However, workshop participants raised a number of obstacles to achieving patient-centered cancer treatment planning in practice, suggesting that there is much room for improvement. Some of these challenges stem from the patient and include patients' lack of assertiveness, health literacy, and numeracy, and their emotional state and concurrent illnesses. Others were a result of physician limitations, such as a lack of time to explain complex information and a lack of tools to facilitate treatment planning, as well as insensitivity to patients' informational, cultural, and emotional needs. Many participants stressed the variable and often suboptimal communication between the patient and health care provider that may not be culturally or personally appropriate and information overload for the patient or family, without appropriate written documentation of treatment plans, options, and expectations that the patient and family might refer to after a visit. For example, recent studies found that only half of early-stage breast cancer patients knew that patients treated with mastectomy and those treated with lumpectomy have equivalent survival outcomes [16
], and only 11% of patients were able to answer three questions about breast reconstruction correctly [17
]. The lack of decision support tools (such as those embedded within electronic health record systems) was also cited as a barrier to cancer treatment planning, especially given the increasingly complex medical data that health care providers need to consider when making treatment decisions.

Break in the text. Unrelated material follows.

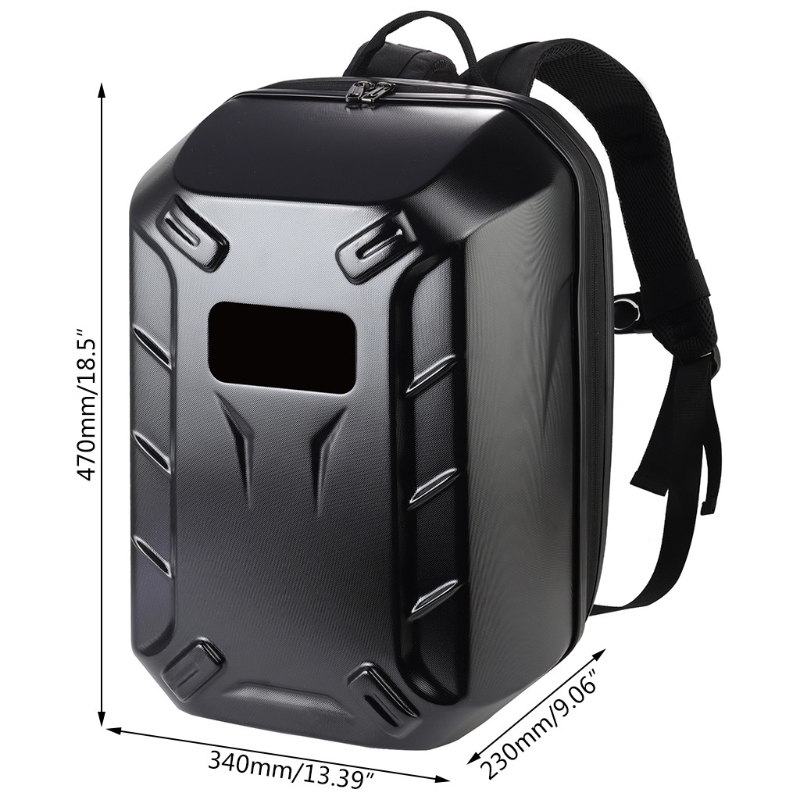 Mochila profesional a prueba d - Fpv Drone Bag reseña y precio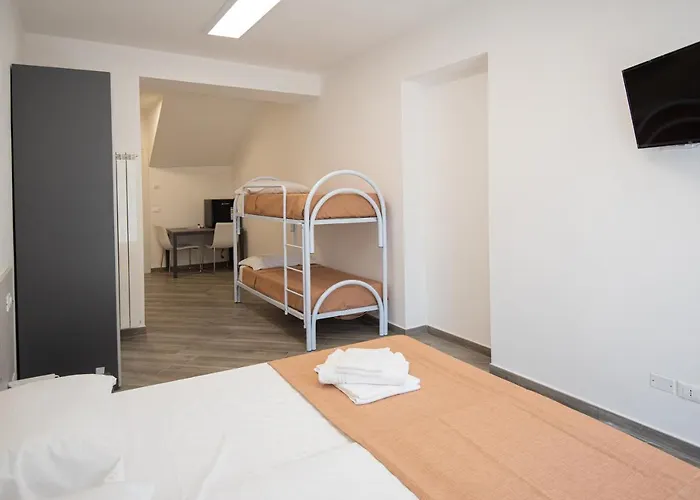 - Lulugiu 3* Lagonegro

In addition, a number of system challenges were emphasized at the workshop, including a lack of financial incentives for providers to devote the time and effort required for patient-centered care planning, the costs of providing patient-centered cancer care, and the fragmentation of the health care system. Many workshop participants stressed that the current reimbursement system for health care does not compensate providers for the time it takes to develop, discuss, and document a treatment plan. Some workshop participants also questioned how the provision of patient-centered cancer treatment planning would affect the already high costs of medical care. For example, one workshop participant said it is difficult to imagine how the additional costs of supporting patient navigation will be borne, given the current economic climate: “To put a new player on the ground, you are going to have to save somewhere, and continuity of care and systems that are organized to realize those cost savings aren't out there right now.” However, others suggested that patient navigation may likely reduce health care costs by averting readmissions and costly errors, and could improve the efficiency and effectiveness of the medical system by fostering low no-show rates, better adherence to treatment regimens, and timely access to medical care before major health complications develop. Several workshop participants called for the inefficiency and waste in the current health care system to be addressed so that resources could be redirected to providing better, more comprehensive, and more coordinated care to patients.
Many workshop participants noted that insufficient coordination of cancer care, which involves multiple specialties, providers, and locations, can also hamper the development of comprehensive treatment plans. A particular coordination challenge is the frequent lack of involvement of primary care providers in cancer treatment planning. The primary care team may know the patient and family better and longer than the oncology team, and may need to be kept abreast of their patient's cancer treatments because it influences how they care for a patient's concurrent illnesses and conditions. Numerous factors that might contribute to that lack of involvement were noted, including inappropriate exclusion by the oncology team, the inability of primary care physicians to devote the time needed to keep up with myriad complex and rapidly changing cancer treatment regimens, and the lack of availability of primary care physicians resulting from workforce shortages. Referral patterns may also hamper coordination between primary care and oncology. Primary care practitioners have a number of referral options to consider when their patient is facing a cancer diagnosis, including cancer centers, community oncology practices, or general surgery, and some workshop participants noted that it can be difficult for primary care practitioners to know which option is best suited to their patient's needs. Similarly, a surgeon may refer a patient to a medical oncologist following surgery, but the patient's primary care practitioner may not be included in this process.